> [Required work]:
Write out, word for word and with no pictures, each line below from the one containing "How to write a check for $9,445" through the one containing "Men Beautiful Floral Mid Top Boots", both included, and no other line.

> [Data records]:
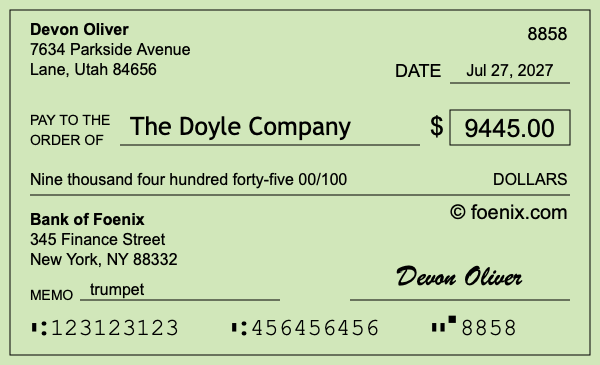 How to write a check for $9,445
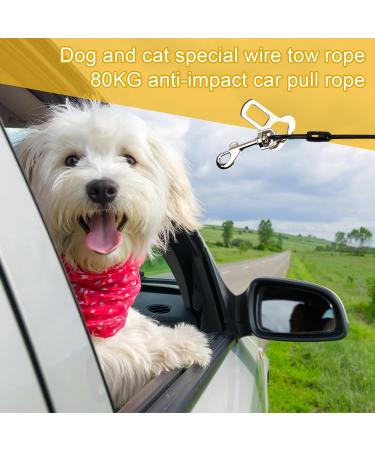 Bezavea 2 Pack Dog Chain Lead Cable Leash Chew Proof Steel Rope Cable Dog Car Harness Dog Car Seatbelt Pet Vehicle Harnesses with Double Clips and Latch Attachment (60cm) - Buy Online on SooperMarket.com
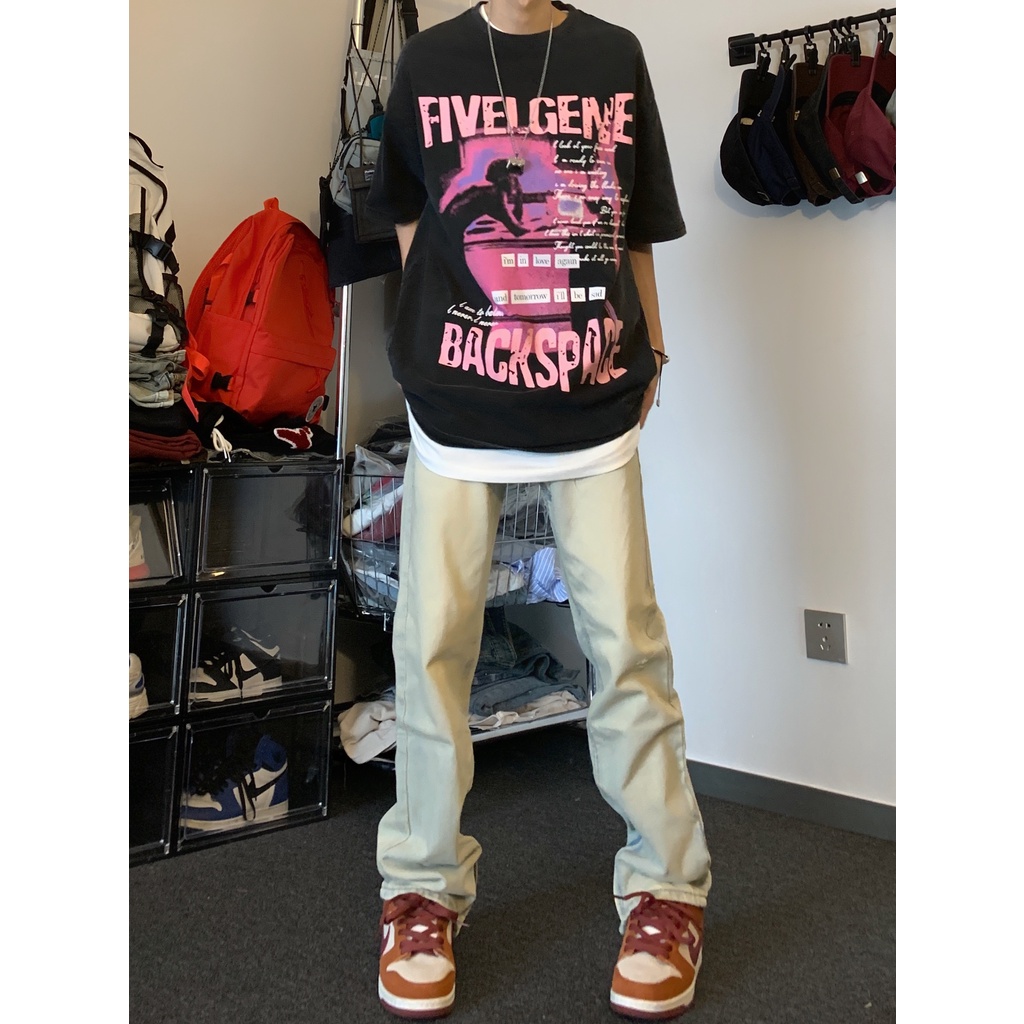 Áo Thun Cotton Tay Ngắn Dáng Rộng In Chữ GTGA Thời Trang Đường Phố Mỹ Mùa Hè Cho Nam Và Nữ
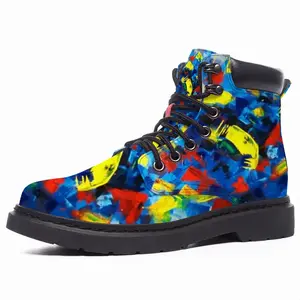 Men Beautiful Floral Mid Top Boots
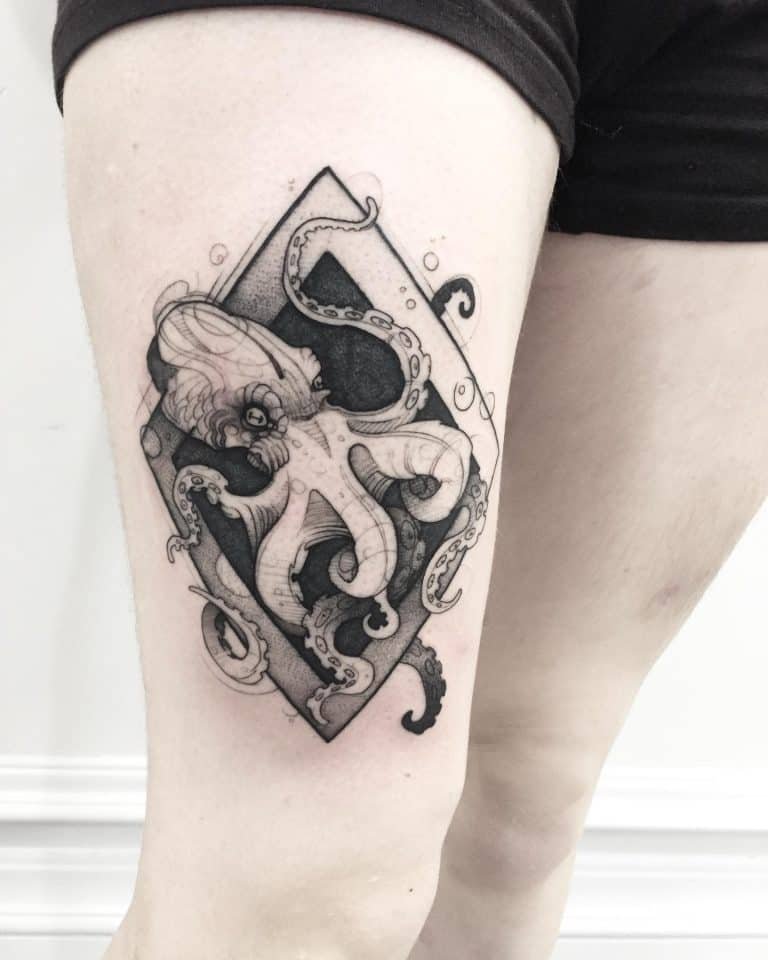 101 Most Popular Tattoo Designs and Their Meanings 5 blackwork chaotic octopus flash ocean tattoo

* * *

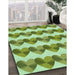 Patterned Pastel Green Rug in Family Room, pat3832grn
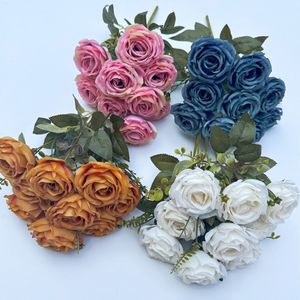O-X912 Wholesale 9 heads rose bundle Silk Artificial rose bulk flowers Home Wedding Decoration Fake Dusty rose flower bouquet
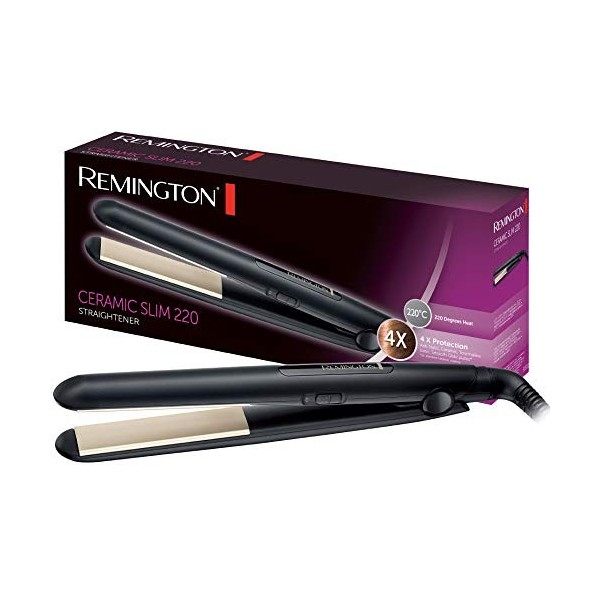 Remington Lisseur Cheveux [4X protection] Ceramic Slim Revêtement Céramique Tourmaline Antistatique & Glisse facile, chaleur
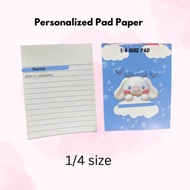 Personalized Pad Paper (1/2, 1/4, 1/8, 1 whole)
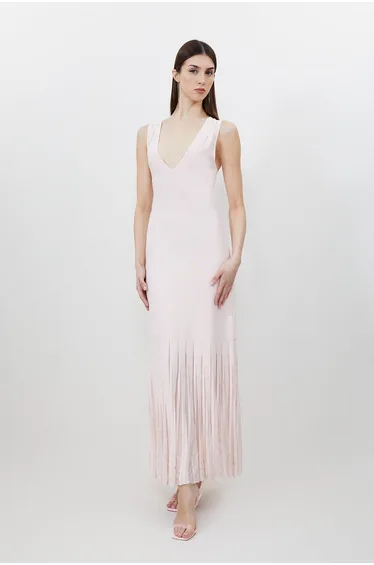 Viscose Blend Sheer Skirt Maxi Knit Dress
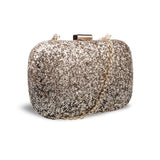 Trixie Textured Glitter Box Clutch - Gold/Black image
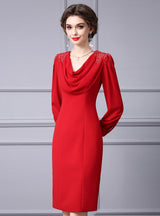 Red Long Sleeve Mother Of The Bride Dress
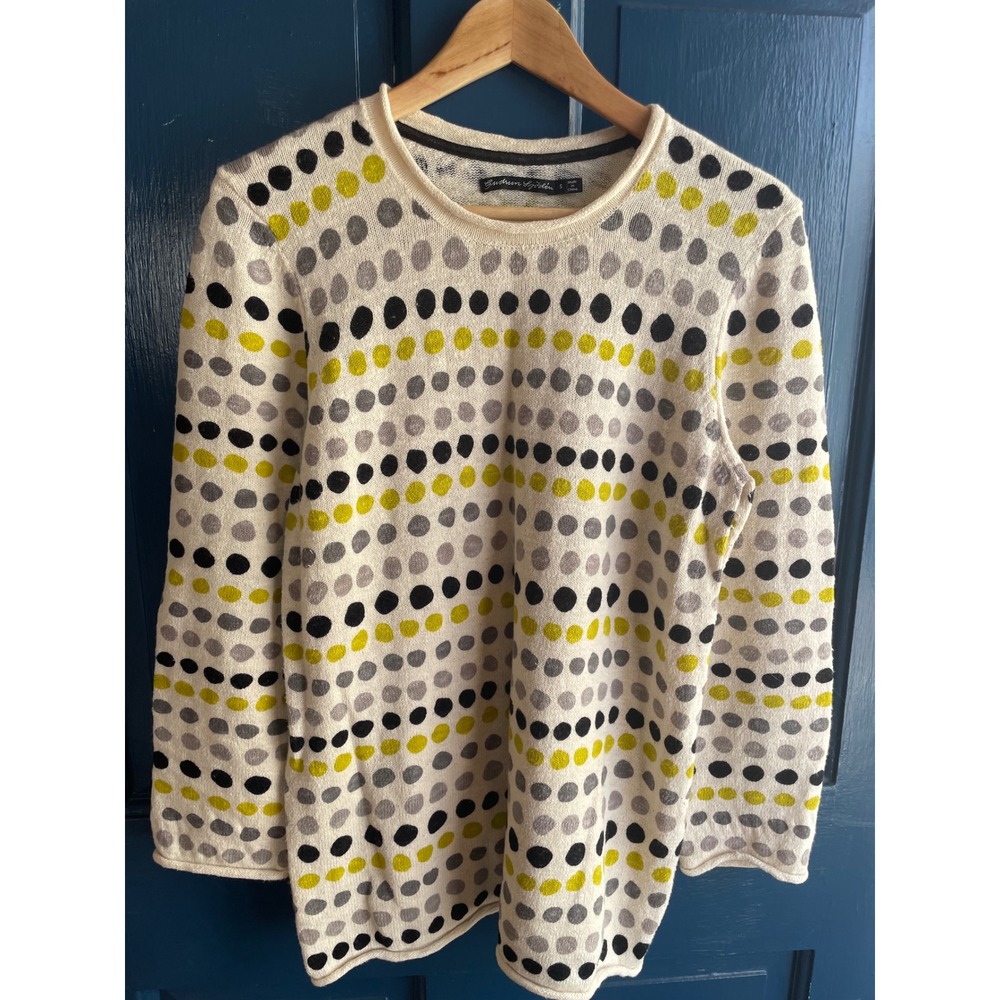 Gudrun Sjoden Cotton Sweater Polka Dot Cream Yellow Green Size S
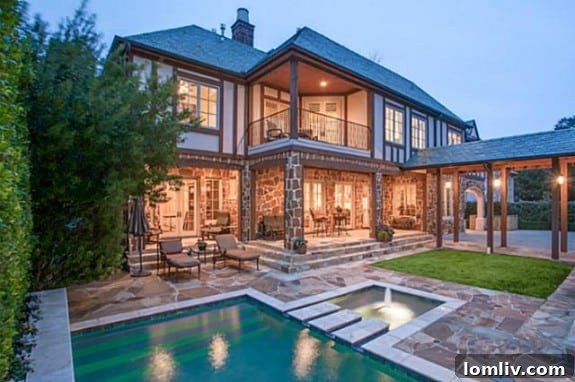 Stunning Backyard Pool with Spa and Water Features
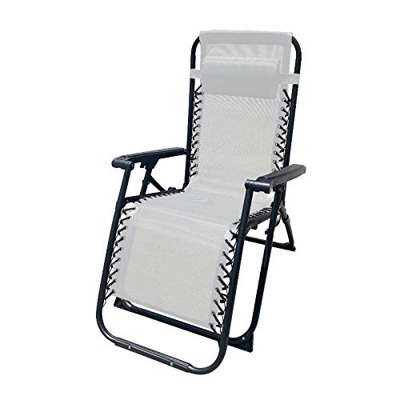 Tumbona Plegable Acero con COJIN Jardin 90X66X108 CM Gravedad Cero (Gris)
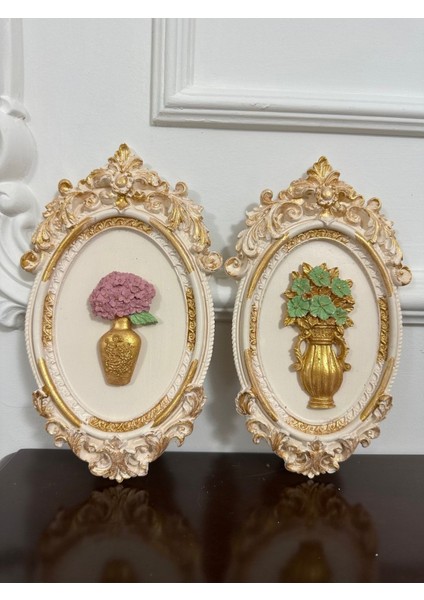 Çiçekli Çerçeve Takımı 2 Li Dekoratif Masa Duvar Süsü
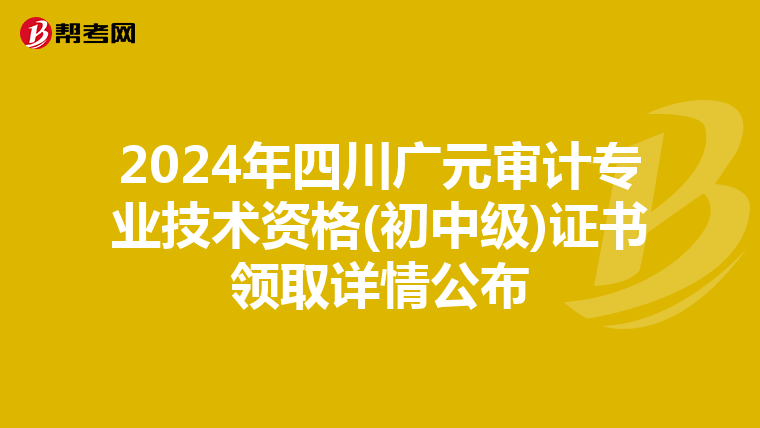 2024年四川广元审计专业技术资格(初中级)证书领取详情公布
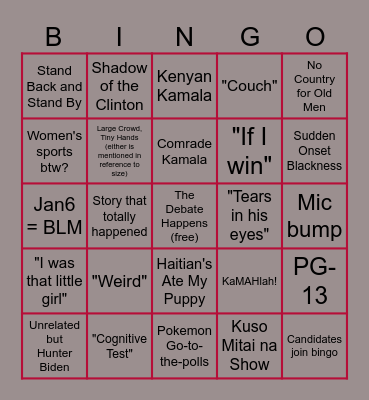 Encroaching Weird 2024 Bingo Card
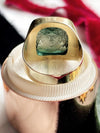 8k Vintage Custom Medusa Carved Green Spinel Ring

---

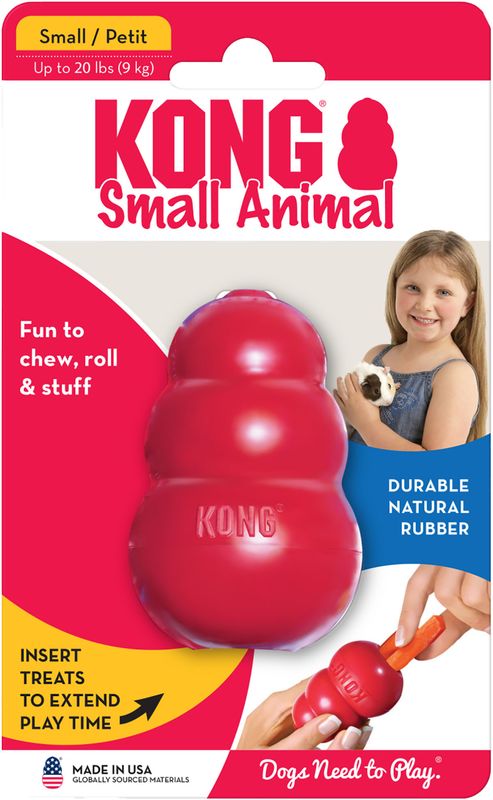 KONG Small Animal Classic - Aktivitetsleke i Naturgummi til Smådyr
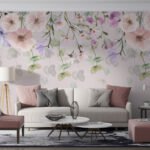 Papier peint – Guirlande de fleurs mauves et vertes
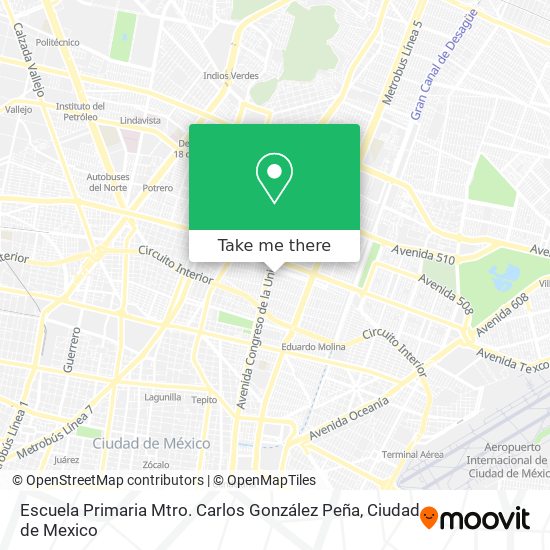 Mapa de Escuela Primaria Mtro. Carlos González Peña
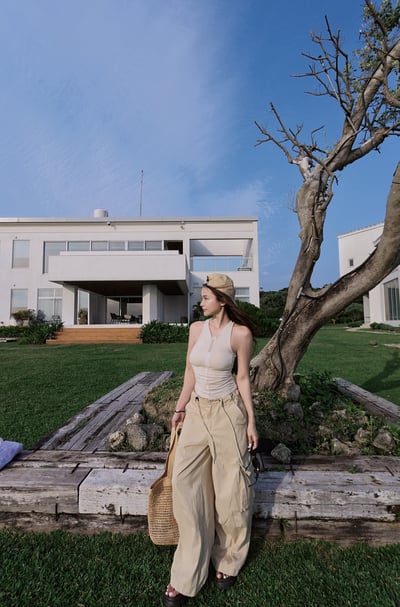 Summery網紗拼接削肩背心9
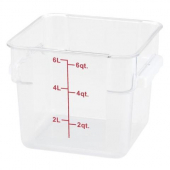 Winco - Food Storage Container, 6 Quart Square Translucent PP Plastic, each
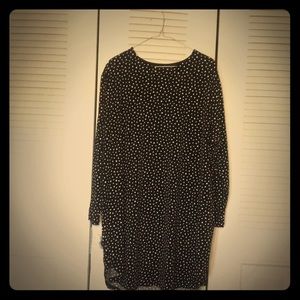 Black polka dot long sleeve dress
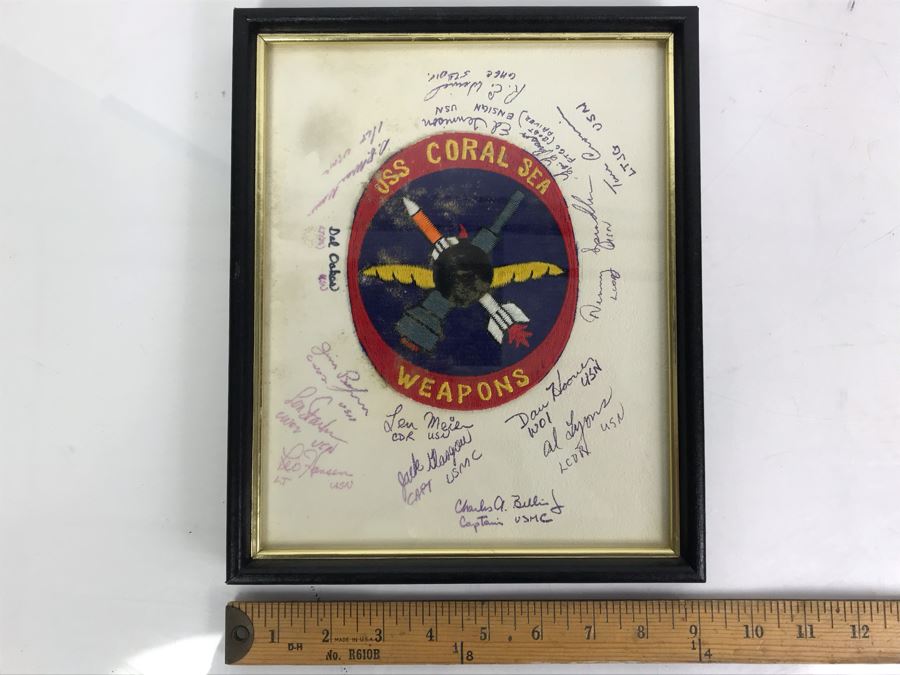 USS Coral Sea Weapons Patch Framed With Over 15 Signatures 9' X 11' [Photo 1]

> [Result below]:
 How to write a check for $9,445
 Bezavea 2 Pack Dog Chain Lead Cable Leash Chew Proof Steel Rope Cable Dog Car Harness Dog Car Seatbelt Pet Vehicle Harnesses with Double Clips and Latch Attachment (60cm) - Buy Online on SooperMarket.com
 Áo Thun Cotton Tay Ngắn Dáng Rộng In Chữ GTGA Thời Trang Đường Phố Mỹ Mùa Hè Cho Nam Và Nữ
 Men Beautiful Floral Mid Top Boots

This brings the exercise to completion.